They approve the seat, tell the team to try it, and run it alongside an existing workflow that was built for the pre-AI capacity ceiling. The tool does small helpful things inside an unchanged process, and three months later the math still looks like €100 a month for a little bit of help.
That's the "done right" distinction. The uplift isn't in the tool, it's in the workflow that gets rebuilt around what the tool now makes possible. Companies that do the rebuild stop counting the €100, and the ones that skip it keep counting, then quietly conclude that AI tools are overpriced.
Where the real margin sits
Think about what a three-to-five times capacity increase on a senior operator actually means.
A law firm's senior associate handling three times the matters at the same quality, a strategy consultant shipping three times the recommendations without dropping depth, an in-house analyst covering three times the territory on the same team. Same hours, same people, different ceiling.

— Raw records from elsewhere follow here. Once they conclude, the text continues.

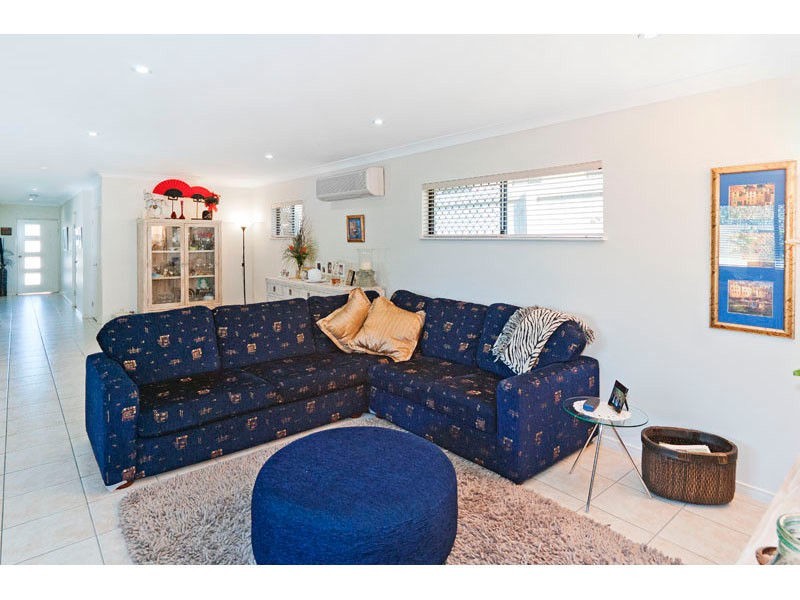 32 Wanda Road, Upper Mount Gravatt QLD 4122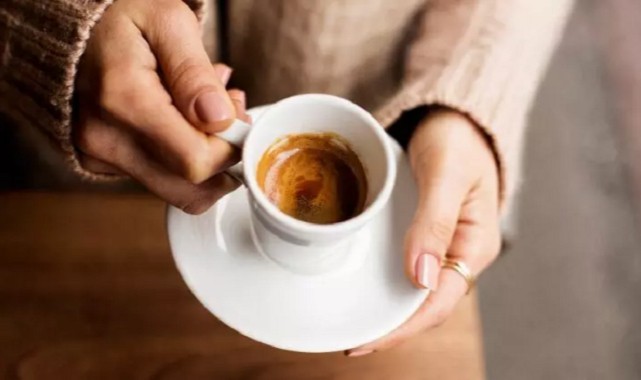 Sabah aç karnına kahve içmek faydalı mı? Türk kahvesi mideye iyi gelir mi?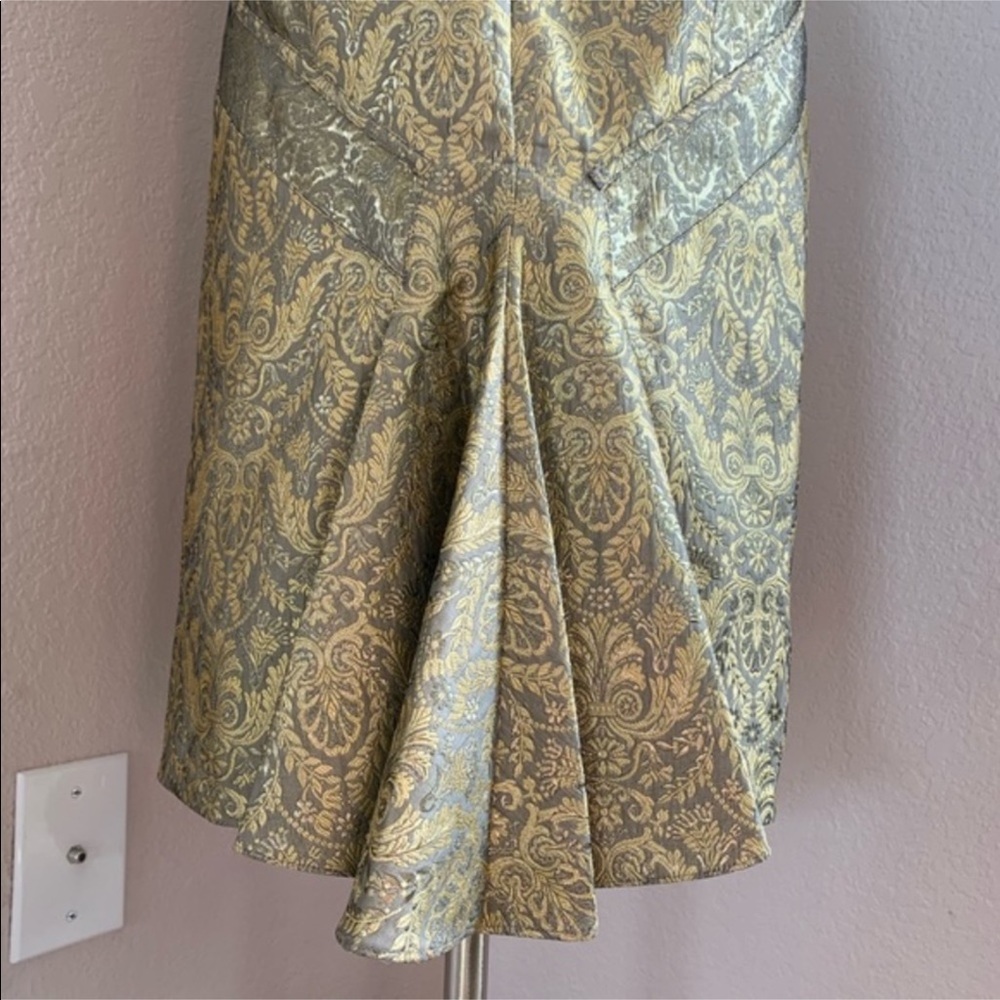 Dress - Picture 4 of 9
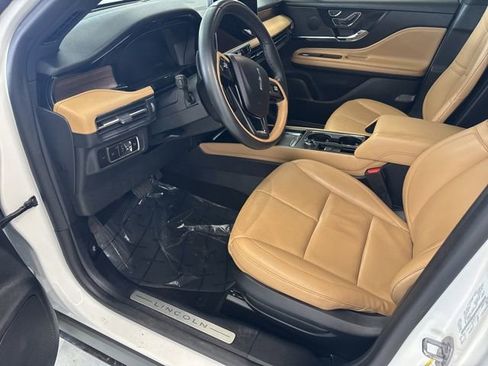 Used 2023 Lincoln Corsair Reserve image 15
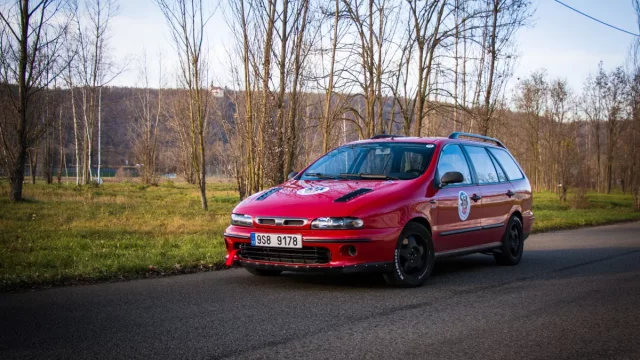 Fiat Marea Weeknd 2.0 20v: Jak se staví „závoďák“ za pár šupů?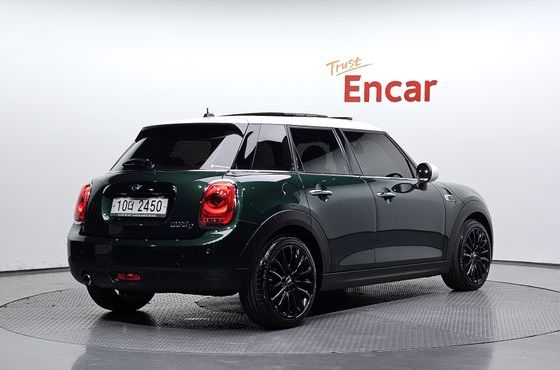 Mini Cooper 5Door Standard 3rd — пробег 111 844 км — фото 2 из 5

That's not a tool upgrade, it's a capability shift, and the companies whose senior people have made the shift are pulling away from competitors whose people haven't. The €100 rents the tool from a vendor, but the integration is what creates the value, and the integration is what gets built inside the company.
The uncomfortable question
If you looked at your company's AI tool subscriptions right now, what would you find?
If the honest answer is "a few seats, some light usage, and a general feeling that AI hasn't delivered," you're running the tool-evaluation conversation. The €100 is still being counted, because nothing around it has been rebuilt.
That's the trap. The work around the tool hasn't changed, so the tool can only deliver what an unchanged workflow allows it to deliver.
The companies that move first are the ones that stop asking whether €100 is worth it, and start asking what their senior people's ceiling would look like if the work was rebuilt around what's now possible.